Adult patients with measurable recurrent BM from breast cancer, with or without LC, were enrolled in this multi-center, open-label study (n = 72 safety population; n = 58 efficacy population). ANG1005 was administered IV at 600 mg/m2 q3w. HER2+ patients were allowed to continue trastuzumab +/- pertuzumab. Intracranial (IC) response was assessed by Gd-MRI using CNS RECIST 1.1 and extracranial response was evaluated per RECIST 1.1.

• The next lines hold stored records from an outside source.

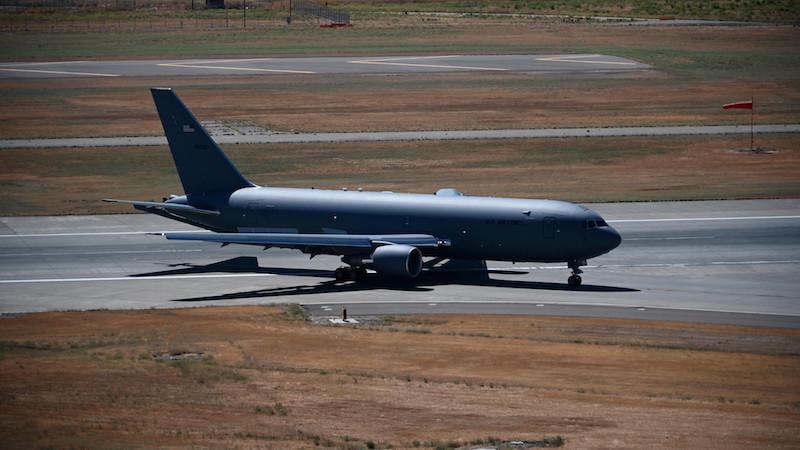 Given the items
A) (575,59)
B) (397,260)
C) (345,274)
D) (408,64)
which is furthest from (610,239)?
(575,59)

Median age was 47.5 (26-76) years. Safety was similar to that of paclitaxel with myelosuppression as the predominant toxicity. Patients received a median of 6 (1-29) prior therapies for breast cancer, including 84% with prior taxane treatment. As prior therapy for BM, 87% patients had cranial surgery and/or radiation and 19% patients received systemic therapies. After ANG1005 treatment, best IC response in the efficacy population included 8/58 (14%) patients with PRs [3 (5%) confirmed PRs] and 33/58 (57%) with SD. Extracranial tumor responses of 1 (3%) CR, 2 (7%) PRs and 24 (80%) SDs were seen in 30 evaluable patients, including after prior taxane therapy (93%). The 6 month OS was 63.6 % (95% CI: 42.9, 78.5) for patients with LC. Importantly, Kaplan-Meier estimated median OS was 34.6 weeks (95% CI 24.1-40.9) from first ANG1005 treatment for LC patients. CNS clinical symptoms post-ANG1005 were improved, including in LC patients.
ANG1005 is active against previously treated breast cancer metastasis both within and outside the CNS. The clinical benefit has resulted in an estimated median OS of ∼8 months for the patients with LC, exceeding the historical median of ∼4 months following therapy. A randomized study is planned.
Clinical trial identification
NCT02048059 Last updated: November 16, 2015
Legal entity responsible for the study
C.K. Anders: Research funding from Novartis, Sanofi, toBBB, Geron, Angiochem, Merrimack, PUMA, Lilly, Merck, Oncothyreon. Uncompensated advisory role with Novartis, Sanofi, toBBB, Geron, Angiochem, Merrimack, Lilly, Genentech, Nektar, Kadmon.
All other authors have declared no conflicts of interest.